By Pixie
I must preface this by saying, since the show Girls debuted on HBO, I have watched it, often confused myself, as to why I was watching it, but even more so, why I liked watching it. If my oldest friend was asked to compile a list of shows he’d expect me to like, I sincerely doubt that show would be on it. I am pretty sure, over a decade ago, he bribed me with something in order to see how long I could last through an episode of Sex and the City. To this day, I have never seem a whole one. I was about to throw up even trying to watch that drivel. And when I saw commercials for Girls, I assumed (wrongly) it was just an updated version, with the same type of vile woman who I wouldn’t spit on if they were on fire (but would spit on for fun, given the chance. This chick knows how to do things the right way, damnit!)
I was wrong, though.
Girls is nothing like that, even though sometimes I’d like to slap some of the characters around a little. (Okay, a lot. It’s not my fault Marnie is the kind of girl who has bugged me simply for existing since I was a kid, even though she has come around a bit as the seasons progressed.) The characters deal with real things, struggle with their weight, with crappy relationship problems, with mental illness, with drugs, with money and jobs. You know, things real people deal with – not where to get some brand-name shoes or where to eat off tiny plates and be bitchy, old, horny women. (I honestly have no idea how old the women on Sex on the City were… they look old to me now, to be honest.)
But I digress, though this does have a point. I just came to really like Lena Dunham from watching the show and reading her Twitter and other such things, which is truly one of the greatest things in the world, if you think about it. Unprecedented access to people and information, although controlled by them, that we never had in the past. Lena seems like good people. She seems real. So naturally, I had to get her book, Not That Kind of Girl. And it hit me like a ton of bricks: I like her because she’s young me. A young me who is far more successful, and lucked out in ten thousand ways, possibly because she appears to have been born into more money, and with more creative parents who encouraged her a bit more with the writing and the art. My husband was laughing at me the few times I just sighed and closed the book and said “Well, just fuck me, that could have been me.” In fact, she dropped out of the college I went to because she hated it (as did I, but the credits I had accrued wouldn’t transfer to a more traditional school, due to the lack of math and science.)
It’s hard to review a book that is so much like your own life (again, minus the astronomical success of an award-wining TV show and best-selling book. I’m writing this from a crappy cubicle where it’s too hot and I am dressed in my “work costume.”). In short, Lena Dunham recounts the life of a socially awkward, sexually curious (and sometimes devastated) girl with immense amounts of creativity and ambition. Her writing style is not dissimilar to that which she uses for her show – and it is clear that Hannah is far more autobiographical than fictional, though inserted into a more fictional world.

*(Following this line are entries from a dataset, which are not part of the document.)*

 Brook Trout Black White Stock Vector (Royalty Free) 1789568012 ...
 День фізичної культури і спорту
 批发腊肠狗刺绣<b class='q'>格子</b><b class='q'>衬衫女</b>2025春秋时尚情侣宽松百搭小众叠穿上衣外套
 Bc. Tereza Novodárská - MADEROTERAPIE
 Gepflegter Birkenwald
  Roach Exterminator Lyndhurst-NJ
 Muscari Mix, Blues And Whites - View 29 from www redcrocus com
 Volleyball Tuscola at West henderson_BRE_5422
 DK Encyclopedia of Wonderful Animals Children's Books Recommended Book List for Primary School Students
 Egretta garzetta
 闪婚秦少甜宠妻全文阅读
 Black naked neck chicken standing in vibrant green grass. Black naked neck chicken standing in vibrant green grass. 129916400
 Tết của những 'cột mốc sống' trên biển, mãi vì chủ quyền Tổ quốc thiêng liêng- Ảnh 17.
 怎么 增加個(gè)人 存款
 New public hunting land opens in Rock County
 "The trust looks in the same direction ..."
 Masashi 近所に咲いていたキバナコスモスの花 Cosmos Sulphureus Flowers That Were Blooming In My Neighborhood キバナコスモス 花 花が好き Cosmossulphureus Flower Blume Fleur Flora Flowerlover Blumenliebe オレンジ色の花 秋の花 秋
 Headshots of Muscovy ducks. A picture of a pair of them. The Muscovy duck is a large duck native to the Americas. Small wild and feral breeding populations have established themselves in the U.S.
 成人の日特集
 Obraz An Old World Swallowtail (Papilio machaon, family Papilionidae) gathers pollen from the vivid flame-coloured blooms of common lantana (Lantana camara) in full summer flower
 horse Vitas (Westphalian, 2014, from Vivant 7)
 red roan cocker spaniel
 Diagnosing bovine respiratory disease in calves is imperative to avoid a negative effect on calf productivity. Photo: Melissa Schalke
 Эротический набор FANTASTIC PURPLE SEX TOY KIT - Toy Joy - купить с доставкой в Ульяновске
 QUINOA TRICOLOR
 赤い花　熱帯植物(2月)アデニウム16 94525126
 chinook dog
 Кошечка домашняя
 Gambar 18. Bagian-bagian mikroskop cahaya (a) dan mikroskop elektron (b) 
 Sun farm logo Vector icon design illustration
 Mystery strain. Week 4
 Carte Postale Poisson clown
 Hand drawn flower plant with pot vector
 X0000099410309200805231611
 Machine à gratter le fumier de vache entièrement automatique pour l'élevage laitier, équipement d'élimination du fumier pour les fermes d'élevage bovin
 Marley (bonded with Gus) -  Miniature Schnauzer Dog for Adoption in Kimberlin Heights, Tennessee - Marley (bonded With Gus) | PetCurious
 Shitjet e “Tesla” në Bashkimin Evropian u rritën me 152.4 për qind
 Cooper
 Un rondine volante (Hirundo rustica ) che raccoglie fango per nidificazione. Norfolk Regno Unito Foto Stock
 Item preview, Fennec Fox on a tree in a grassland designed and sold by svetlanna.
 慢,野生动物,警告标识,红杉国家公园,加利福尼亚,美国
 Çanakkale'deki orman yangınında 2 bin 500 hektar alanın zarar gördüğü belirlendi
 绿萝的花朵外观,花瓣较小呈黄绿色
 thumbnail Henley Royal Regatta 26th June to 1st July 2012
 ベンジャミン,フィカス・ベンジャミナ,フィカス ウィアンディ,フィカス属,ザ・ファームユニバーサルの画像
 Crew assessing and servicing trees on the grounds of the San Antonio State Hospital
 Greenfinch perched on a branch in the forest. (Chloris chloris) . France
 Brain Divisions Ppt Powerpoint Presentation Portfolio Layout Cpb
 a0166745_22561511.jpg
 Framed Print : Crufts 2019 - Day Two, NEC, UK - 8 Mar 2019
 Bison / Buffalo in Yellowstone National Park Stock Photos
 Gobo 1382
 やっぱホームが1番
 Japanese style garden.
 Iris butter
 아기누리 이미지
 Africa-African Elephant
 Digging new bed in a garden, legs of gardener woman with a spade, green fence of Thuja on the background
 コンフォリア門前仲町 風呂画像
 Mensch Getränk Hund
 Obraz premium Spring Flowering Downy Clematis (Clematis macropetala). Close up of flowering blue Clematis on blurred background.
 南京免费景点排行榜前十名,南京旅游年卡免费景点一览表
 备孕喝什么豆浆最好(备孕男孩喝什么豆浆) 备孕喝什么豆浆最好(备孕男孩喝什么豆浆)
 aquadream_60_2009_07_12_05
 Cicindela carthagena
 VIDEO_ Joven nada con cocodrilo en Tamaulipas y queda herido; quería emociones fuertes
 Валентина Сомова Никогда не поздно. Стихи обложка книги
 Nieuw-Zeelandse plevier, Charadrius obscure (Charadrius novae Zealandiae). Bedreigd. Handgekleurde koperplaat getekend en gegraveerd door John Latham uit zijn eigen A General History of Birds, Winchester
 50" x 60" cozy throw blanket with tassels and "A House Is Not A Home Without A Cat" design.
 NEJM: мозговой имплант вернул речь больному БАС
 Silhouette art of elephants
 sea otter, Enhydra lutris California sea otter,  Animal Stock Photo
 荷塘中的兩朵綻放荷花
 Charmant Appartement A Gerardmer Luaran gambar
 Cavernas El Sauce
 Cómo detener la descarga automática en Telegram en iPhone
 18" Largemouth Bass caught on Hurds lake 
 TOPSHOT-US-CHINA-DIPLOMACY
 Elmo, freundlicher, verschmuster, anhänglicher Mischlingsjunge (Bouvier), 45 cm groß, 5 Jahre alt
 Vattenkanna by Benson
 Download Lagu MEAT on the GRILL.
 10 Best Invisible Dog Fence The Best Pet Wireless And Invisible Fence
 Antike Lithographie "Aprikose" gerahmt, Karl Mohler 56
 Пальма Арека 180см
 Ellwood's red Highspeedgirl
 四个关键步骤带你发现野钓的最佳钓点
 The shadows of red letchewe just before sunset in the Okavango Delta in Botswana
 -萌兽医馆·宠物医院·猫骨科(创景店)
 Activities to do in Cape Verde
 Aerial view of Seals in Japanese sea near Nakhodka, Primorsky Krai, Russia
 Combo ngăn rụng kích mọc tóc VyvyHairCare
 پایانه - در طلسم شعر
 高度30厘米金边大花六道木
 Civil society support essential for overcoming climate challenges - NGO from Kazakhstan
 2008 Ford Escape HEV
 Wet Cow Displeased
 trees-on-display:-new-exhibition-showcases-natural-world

And I’d address the whole manufactured “controversy” about this book – except it’s not actually in there. That’s really all that needs to be said. None of it is true… just some really weird Republican men who run a couple of conservative (imagine that word being spit out like it was the most vile thing ever) Web sites, have a weird hate-boner for this woman and extremely poor reading comprehension, coupled with a lack of understanding as to how autobiography, pseudonyms, and artistic license work. (Oh and how childhood memories are not the same as recent adult memories.) Frankly, all this “controversy” is at a minimum slanderous against Lena Dunham and it’s hard not to feel bad for someone taking that kind of crap for a brutally honest memoir where she doesn’t hide from the awkward, bad, painful, and outright horrible moments of her life. She doesn’t focus on them, or linger too long, but isn’t afraid to bare it all.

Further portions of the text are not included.